Re-evaluating my Relationship with Twitter
I enjoy Twitter. I consider it to be an amusing diversion. It provides an opportunity to interact with friends that I’ve made all over the world. I find that swapping banter and trading quips with my twitter chums, often raises the spirits after a day filled with first world problems.
I recently went through my Twitter settings and “unfollowed” a lot of accounts. This included celebrities that only Tweet occasionally when they had a tour or a book to promote. Politicians and social commentators whose views and principles I find tiring. I even ditched a few fellow bloggers who have a tendency to whine or moan about their lot in life. You could argue that I’ve created an echo chamber and that I’m living in an online bubble. You may well be right. Humans often do the opposite of what they claim to believe. It’s like our default setting is one of cognitive dissonance.
The today at about 6:15 PM GMT the following Tweets appeared in my timeline. A timeline filled with gaming news, movie trivia, jokes and fun; a tide of light, ephemeral and utterly inconsequential inanities.
There amid all the trivia and decadence that we surround ourselves with on a daily basis was a picture of a small child, face down in the water on a beach in Turkey. Dead.
It took several seconds for this image to fully compute. What exactly was this picture that Father Roderick Vonhogen had unceremoniously dumped in my bright and cheerful timeline? So I followed the link to The Independent website and read the subsequent story. Then finally magnitude of what was depicted finally hit me and it hit me hard. I make no bones about the fact that I wept at the utter tragedy of what I saw and read.
If you can bring yourself to follow the link to the newspaper article, you’ll discover the very human face of the “ongoing migrant crisis” that is currently occurring across Europe. The child is believed to be a dead Syrian refugee, one of eleven that have died trying to reach the Greek island of Kos. Like many people, my perception of this political and social issue is both vague and abstract. Until today it’s simply something that has just occupied the news and frankly doesn't have any meaningful impact upon my cosy life.
Today that has changed.
I have no political axe to grind with regard this matter. I fully appreciate that all the factors that are contributory to the current wave of migrants are very complex. This is not a black and white situation and there are no easy solutions or quick fixes. I am sympathetic to the needs of both the migrants and refugees as well the populations of the European countries affected. But as a human being I can no longer ignore the fact that there is a very real tragedy taking place on my very doorstep. I cannot dismiss dead children washing up on beaches as if it were nothing. So tomorrow I shall start by lobbying my local Member of Parliament and seek clarification as to exactly what the UK government is doing with regard to this matter. Ironically my MP James Brokenshire, is also Minister of State for Immigration. Contacting my political representative may not have much impact but it’s a start. A position of concern is better than one of indifference.
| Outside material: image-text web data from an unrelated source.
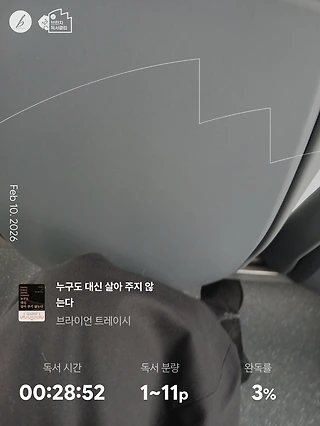 독서노트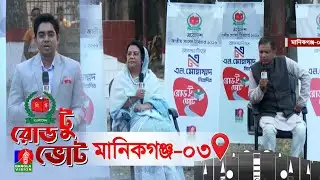 বিশেষ টকশো রোড টু ভোট । Road to Vote | আজকের আসন মানিকগঞ্জ-৩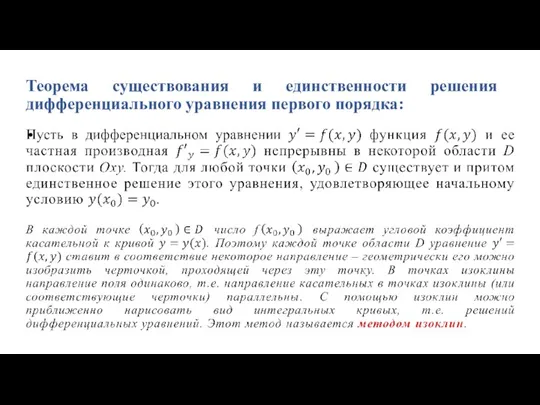 Теорема существования и единственности решения дифференциального уравнения первого порядка: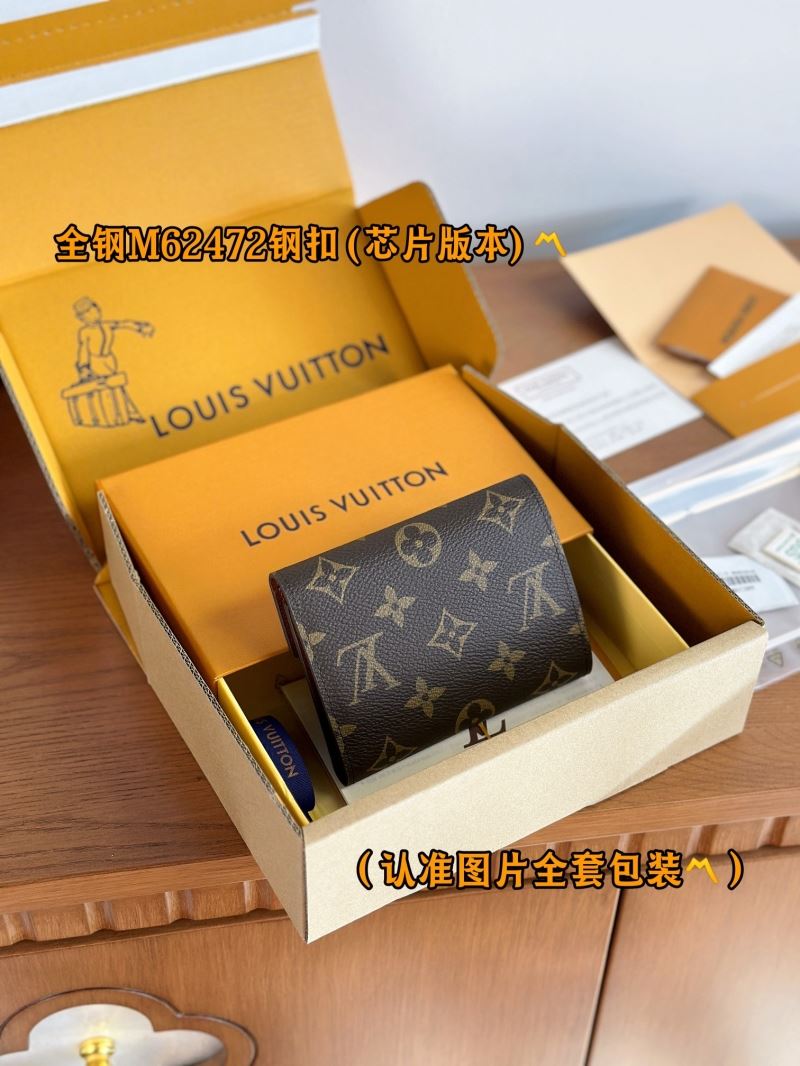 LV Wallets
And so we return to the subject of Twitter. Ultimately it is wrong to adopt a shoot the messenger mind set, after all my Twitter timeline is something of my own making. Plus it is intellectually flawed to assume that everything that is not a weighty issue is “bad” and should be dismissed. Relativism and context should not be thrown out with the bath water in a fit of knee-jerk self-pity.
However I do think that if Twitter is to continue to be one of the windows that I use to view the world, it may be time to take some steps to change the view. I need to leave my self-imposed comfort zone and allow a greater diversity of content in my timeline. Rather than disengaging with the world as I grow older, I need to do the opposite. Exactly what I should do I’m not sure but I feel that I should do something? Changing my use of social media is perhaps the first step of that process.